The Tribe of Purpose-Centered Social Media Geeks

As part of that program, I began building my own influence. I started speaking at social media conferences like the one where I first met Megan and Tatiana. I even got to speak on the same stage as my hero Seth Godin at Digital Summit, Denver in 2018.

My talks tend to focus on stories. I talk about how brand advocates and micro-influencers are inspired to promote brands, motivated by a shared purpose. I share how social listening can guide customer experience and brand activism.
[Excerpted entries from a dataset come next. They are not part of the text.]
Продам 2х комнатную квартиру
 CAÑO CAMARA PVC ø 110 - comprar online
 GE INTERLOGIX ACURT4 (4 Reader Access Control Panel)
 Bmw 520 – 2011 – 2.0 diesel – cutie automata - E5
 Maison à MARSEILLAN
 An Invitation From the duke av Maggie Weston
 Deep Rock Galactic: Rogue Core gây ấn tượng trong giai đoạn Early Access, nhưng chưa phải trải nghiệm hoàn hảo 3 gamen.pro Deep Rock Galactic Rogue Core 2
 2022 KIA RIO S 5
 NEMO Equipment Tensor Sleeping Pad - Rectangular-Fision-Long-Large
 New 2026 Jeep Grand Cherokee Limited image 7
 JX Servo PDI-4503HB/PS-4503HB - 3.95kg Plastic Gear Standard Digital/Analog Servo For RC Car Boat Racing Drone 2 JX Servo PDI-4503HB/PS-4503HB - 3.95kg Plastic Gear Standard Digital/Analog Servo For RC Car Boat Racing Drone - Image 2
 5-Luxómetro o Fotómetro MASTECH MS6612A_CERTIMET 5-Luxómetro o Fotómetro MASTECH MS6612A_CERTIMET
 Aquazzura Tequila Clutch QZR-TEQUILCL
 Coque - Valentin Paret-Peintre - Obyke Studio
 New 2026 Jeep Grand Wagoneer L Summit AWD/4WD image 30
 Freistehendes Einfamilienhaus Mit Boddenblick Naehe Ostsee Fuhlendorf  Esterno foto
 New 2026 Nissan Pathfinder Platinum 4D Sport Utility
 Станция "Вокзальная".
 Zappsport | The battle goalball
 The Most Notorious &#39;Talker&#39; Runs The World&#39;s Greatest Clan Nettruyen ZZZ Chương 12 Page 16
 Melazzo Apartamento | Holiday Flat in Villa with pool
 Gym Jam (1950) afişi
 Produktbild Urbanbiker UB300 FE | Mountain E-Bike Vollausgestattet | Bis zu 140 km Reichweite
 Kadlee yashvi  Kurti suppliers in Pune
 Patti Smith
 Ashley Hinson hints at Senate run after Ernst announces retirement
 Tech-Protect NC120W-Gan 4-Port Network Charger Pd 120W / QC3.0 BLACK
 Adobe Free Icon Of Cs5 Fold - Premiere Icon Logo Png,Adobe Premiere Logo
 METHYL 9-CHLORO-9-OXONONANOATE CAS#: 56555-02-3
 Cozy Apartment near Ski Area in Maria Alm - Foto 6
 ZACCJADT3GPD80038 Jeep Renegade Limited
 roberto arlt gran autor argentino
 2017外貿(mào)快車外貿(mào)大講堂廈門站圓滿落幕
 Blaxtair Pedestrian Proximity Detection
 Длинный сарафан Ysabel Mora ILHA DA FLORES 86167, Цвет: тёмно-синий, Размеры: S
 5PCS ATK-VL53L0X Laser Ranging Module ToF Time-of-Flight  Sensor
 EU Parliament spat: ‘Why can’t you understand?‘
I’m passionate about advocating for the planet, and I still carry reusables with me as a daily practice. I make sure to get out from behind the screen and take time in nature. On my off time, my husband and I hike and explore California’s wilderness, from Shasta to the Mojave. We attend summer festivals and campouts where friends sit around and play music.

I feel that this all led to me joining Social Tribe. Since meeting Megan and Tatiana, I’ve been impressed with the Social Tribe campaigns I’ve heard about. When I saw they had an opening, I knew I had to apply. I was on a camping trip, stopping at Lovers’ Leap in the High Sierra. Luckily I had a signal. I applied from my campsite.

Once I started chatting with the team, it became clear to me that our approaches align exactly. Social media, influencer, and content marketing can intertwine to establish B2B tech brands as leaders in very crowded spaces. Purpose-centered brands and campaigns inspire advocacy and loyalty. I’ve seen this on campaigns I’ve worked on. I’m impacted by it myself, and I am so inspired to find a tribe where these bold truths are self-evident.